Aaron crouched close to the ruined wall, listening to the Goths pass by. They seemed to be setting up camp. He wondered if they would believe the baby in his arms was their prince and decided it didn’t matter. It seemed they hadn’t taken Tamora’s new marriage well. And now they were led by a Roman who was no longer a Roman, fighting a Goth who was no longer a Goth.
It had a certain poetic symmetry to it, although Aaron had more pressing things on his mind. The baby was starting to squirm and squall. He held it closer and murmured to it. He didn’t dare cover its mouth for fear of suffocating it but he couldn’t let it cry.
He could hear someone approaching, heavy boots crunching on the dry grass. They weren’t trying to be quiet, but they were heading straight for him. There was nowhere to hide. Aaron was faced with a choice; put the baby down, shoot and risk it’s crying alerting the Goth army to their presence, or keep holding it and try to sneak round the other side of the wall. The footsteps came closer and Aaron made his decision.
The arrow hit the soldier in his windpipe, drowning his screams. By the time it occurred for anyone to look for him, he was cold and Aaron was far away, the baby grizzling into his chest.
Aaron sat in the cave, watching the rain pour down. The milk goat he had bought was tied in the corner. The baby was sleeping in his lap. Aaron wondered idly what had become of Tamora in his absence. Probably nothing good. Tamora was an instinctual creature, living for instant gratification and always taking things too far. Unchecked she would bait Old Andronicus like a bear. And while Aaron might have taken care of the bear’s claws, only a fool would forget about the muscles, sinew and rage hidden under the shaggy fur.
If Titus was mad then it was a dangerous kind of madness. And Aaron wanted to be far away when his mind finally snapped. Once he would have told Tamora this, but now he had his son to consider. Let her die then and call it payment for betraying the child. Aaron cared for no one’s flesh but his own.
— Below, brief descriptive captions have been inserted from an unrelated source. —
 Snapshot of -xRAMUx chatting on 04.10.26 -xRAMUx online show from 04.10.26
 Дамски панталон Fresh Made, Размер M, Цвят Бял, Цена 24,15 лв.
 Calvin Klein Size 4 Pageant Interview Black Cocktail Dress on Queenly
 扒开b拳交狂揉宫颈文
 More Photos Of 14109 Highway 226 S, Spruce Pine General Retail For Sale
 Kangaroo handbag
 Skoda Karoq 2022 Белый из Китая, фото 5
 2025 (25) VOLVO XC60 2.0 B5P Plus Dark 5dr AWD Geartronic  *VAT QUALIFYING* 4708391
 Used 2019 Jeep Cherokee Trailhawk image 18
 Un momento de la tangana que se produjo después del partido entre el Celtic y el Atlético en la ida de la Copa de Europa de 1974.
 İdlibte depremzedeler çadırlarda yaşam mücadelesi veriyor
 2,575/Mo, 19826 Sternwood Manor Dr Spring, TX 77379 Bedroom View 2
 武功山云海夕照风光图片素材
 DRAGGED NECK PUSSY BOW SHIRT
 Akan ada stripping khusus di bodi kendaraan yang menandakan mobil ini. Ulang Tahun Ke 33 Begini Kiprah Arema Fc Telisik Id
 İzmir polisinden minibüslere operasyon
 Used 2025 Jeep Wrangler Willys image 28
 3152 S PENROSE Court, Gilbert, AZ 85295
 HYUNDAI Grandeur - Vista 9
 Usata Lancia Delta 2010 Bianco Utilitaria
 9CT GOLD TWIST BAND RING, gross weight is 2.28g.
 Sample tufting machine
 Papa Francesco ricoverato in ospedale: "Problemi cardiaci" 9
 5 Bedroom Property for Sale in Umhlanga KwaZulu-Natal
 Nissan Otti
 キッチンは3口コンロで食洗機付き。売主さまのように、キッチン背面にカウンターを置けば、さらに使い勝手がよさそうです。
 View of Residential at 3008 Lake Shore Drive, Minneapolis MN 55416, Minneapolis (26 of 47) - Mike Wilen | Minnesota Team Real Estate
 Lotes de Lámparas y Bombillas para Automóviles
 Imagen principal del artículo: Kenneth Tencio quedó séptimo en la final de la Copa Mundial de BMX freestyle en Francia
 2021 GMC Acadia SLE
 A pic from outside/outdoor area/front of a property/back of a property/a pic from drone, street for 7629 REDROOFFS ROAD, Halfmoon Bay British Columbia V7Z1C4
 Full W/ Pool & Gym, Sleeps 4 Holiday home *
It was strange to think that something so innocent could have come from him and his queen. One way or another that would change. Even among the Goths, his skin had marked him out as different. Inferior. Or so they thought. As a boy Aaron had been faced with a choice: to accept them as his betters or to bring them to confusion.
Not that he saw himself as a victim. Every casual insult and petty injustice had shaped and hardened him, little by little, like molten glass. Aaron was a man filled with hate. Every murder he planned, every rape he orchestrated, every livelihood he destroyed and every man he drove to madness he did for the pleasure of it. Call it his revenge against a cruel world.
At least his son’s hardening would be less painful. He’d teach the child to live like a savage but think like a general. Together they’d hunt in the forests. Recite Ovid and Virgil. Train with swords and bows. Prepare for the day when Rome –even now corrupt and permeable, would be like an overripe fruit, ripe for the picking.
The world had tried to force Aaron to kneel, but instead he would bring Rome itself to its knees.
Looking down at his son he realised that he had yet to name the child. The vigour and the picture of my youth. He would call it Aaron for himself. He liked the idea of being called Old Aaron one day and watching his younger self live on. Perhaps one day Young Aaron would fight Young Lucius.
And that time Aaron would be the victor.